The second year was also quite momentous for his new training. He could almost feel the power of his genjutsu dropping, as if his mind had decided to simply quit and go watch TV while he worked on the other parts of his life. He refused to let it become idle in the normal sense, however, working hard to keep his wit and intelligence as sharp as ever. While he wouldn’t be able to use genjutsu to make people do as he wished after this he had no desire to lose the ability to make them do his bidding through persuasion and deceit. He was not going to be goody two shoes with this ability; he was still looking out for himself. If all fell through with Haruka he would need to be able to get by in the world, and he refused to hamstring himself by getting rid of the brazen wit that had gotten him so far in this world throughout his long life.
It was in the third year everything began to slow down, his plateau coming nearer as he progressed his talents.

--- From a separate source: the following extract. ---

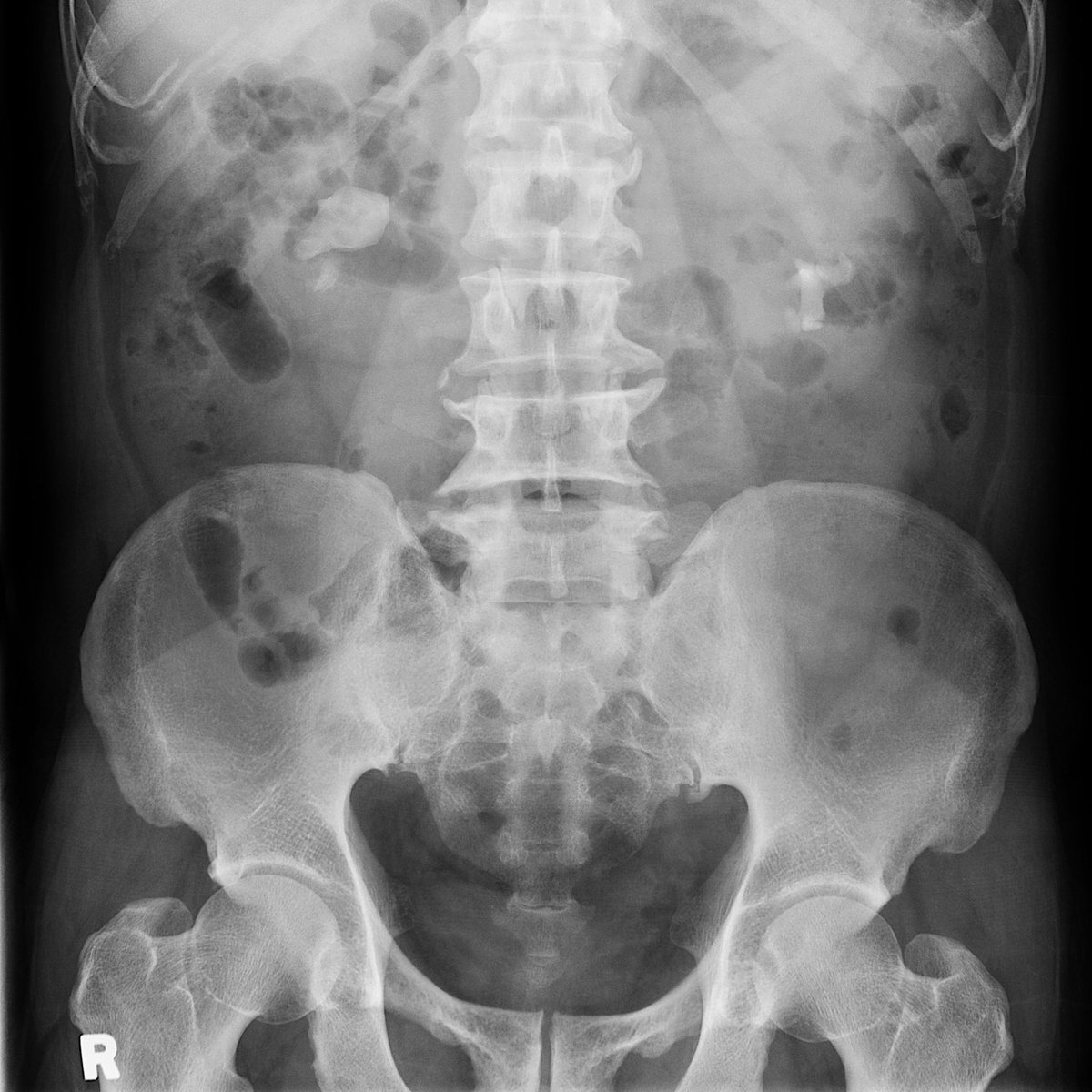 jteoh_hk's tweet image. #Case8 #UroSoMe #LiveCaseDiscussions
A 60 year-old woman presented to you with non-specific back pain. This is the KUB and IVU. Any suggestions what to do next?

This was also when he began to use his abilities in a more practical manner, taking his exile seriously. Hoshikata began hunting down those who preyed on the peasants of Lightning Country, using a mixture of taijutsu, ninjutsu, necromancy and his new powers to take down rogue shinobi, samurai, teenage mutant ninja turtles, power rangers, Robin Hood, brigands, highwaymen and thieves. He felt he was doing something right, as the most trouble he got was when three rogues ambushed him while he was tracking them.
It was a hard fight, a long one that lasted an hour at least. Hoshikata took one out early on, stopping a thrown shuriken and launching it back at him using kinetic force, then rushing in behind it and coating his fist with raw kinetic power and slamming it into the man’s gut. A fist should not pierce a human body like that, but chakra made many things possible. He spent the next half hour evading attacks, hiding, and deflecting those he could not dodge. He was not completely successful, taking his fair share of slices and burns from jutsu, but he got a lucky break when one of the attackers over extended for an attack. Hoshikata grabbed his wrist as he spun to the side and brought his forearm into the man’s elbow, shattering it and breaking the arm at an angle it was never meant to be moved. A quick fire ninjutsu left only ashes. The final attacker tried to flee at this point, and he was hunted down like a dog.
His last two years passed quickly, the former mentalist taking on a new method of combat that involved his body, mind and spirit working in concert to formulate and then carry out complex strategies. True, he lost his ability to mess with someone’s mind forcefully, but he felt the gains he made more than equaled the sacrifice of that power.